◆ What you will do ◆
This task calls for copying every line of the records that includes the word "Room".

◆ Dataset entries ◆
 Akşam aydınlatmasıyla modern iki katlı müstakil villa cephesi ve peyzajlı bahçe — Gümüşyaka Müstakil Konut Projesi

--

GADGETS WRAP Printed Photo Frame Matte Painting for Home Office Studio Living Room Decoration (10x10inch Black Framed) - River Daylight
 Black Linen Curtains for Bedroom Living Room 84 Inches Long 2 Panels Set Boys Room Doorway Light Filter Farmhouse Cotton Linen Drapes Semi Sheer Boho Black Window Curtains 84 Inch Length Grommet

==

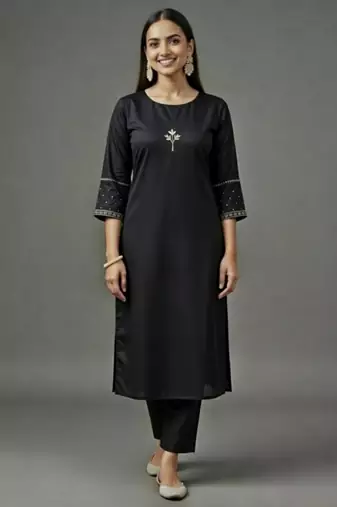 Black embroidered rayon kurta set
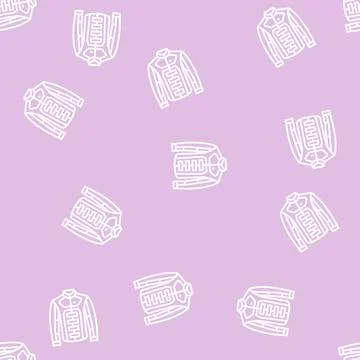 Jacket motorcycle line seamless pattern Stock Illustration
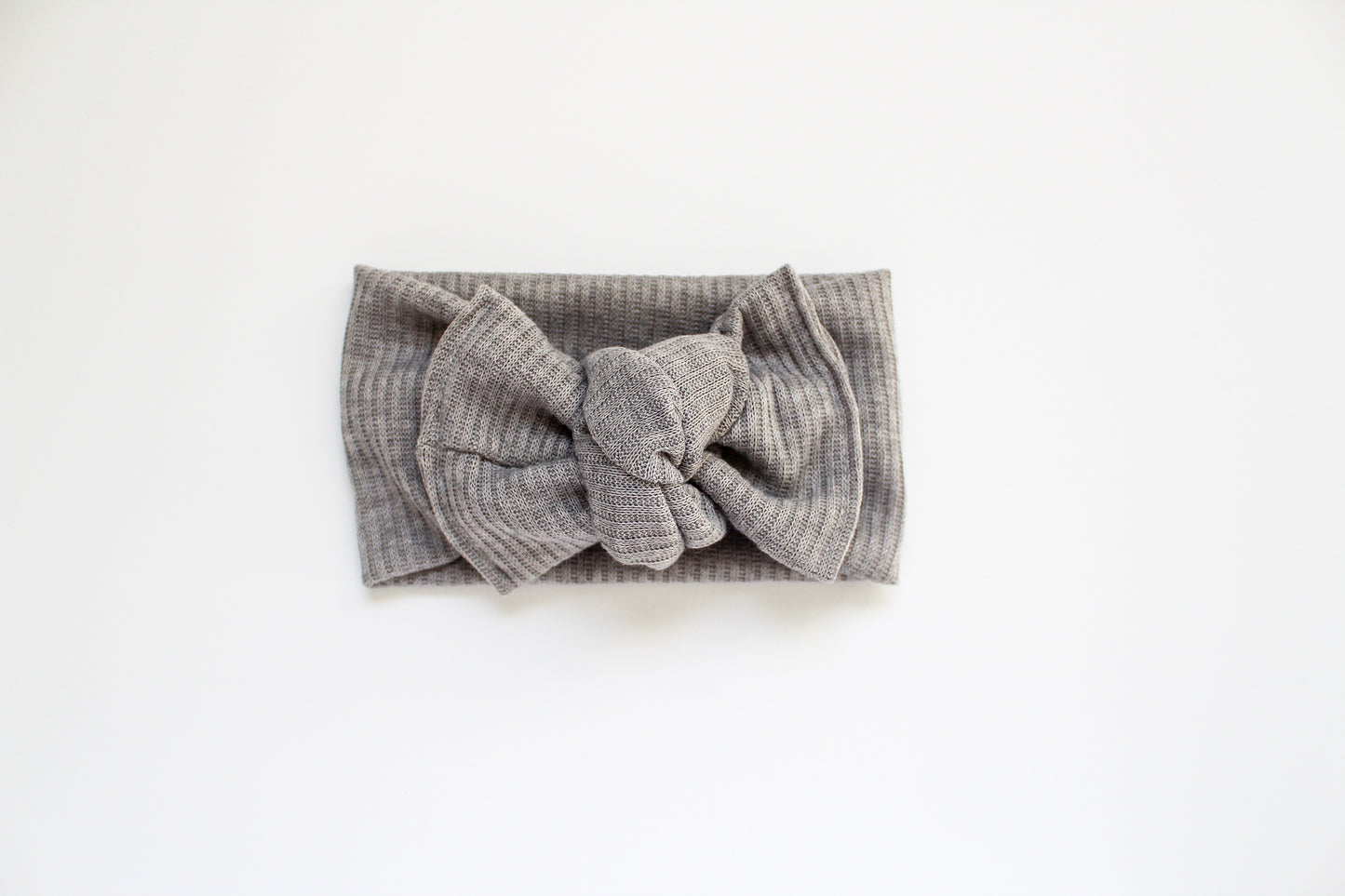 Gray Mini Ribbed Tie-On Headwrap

◆ Solution for this task ◆
GADGETS WRAP Printed Photo Frame Matte Painting for Home Office Studio Living Room Decoration (10x10inch Black Framed) - River Daylight
 Black Linen Curtains for Bedroom Living Room 84 Inches Long 2 Panels Set Boys Room Doorway Light Filter Farmhouse Cotton Linen Drapes Semi Sheer Boho Black Window Curtains 84 Inch Length Grommet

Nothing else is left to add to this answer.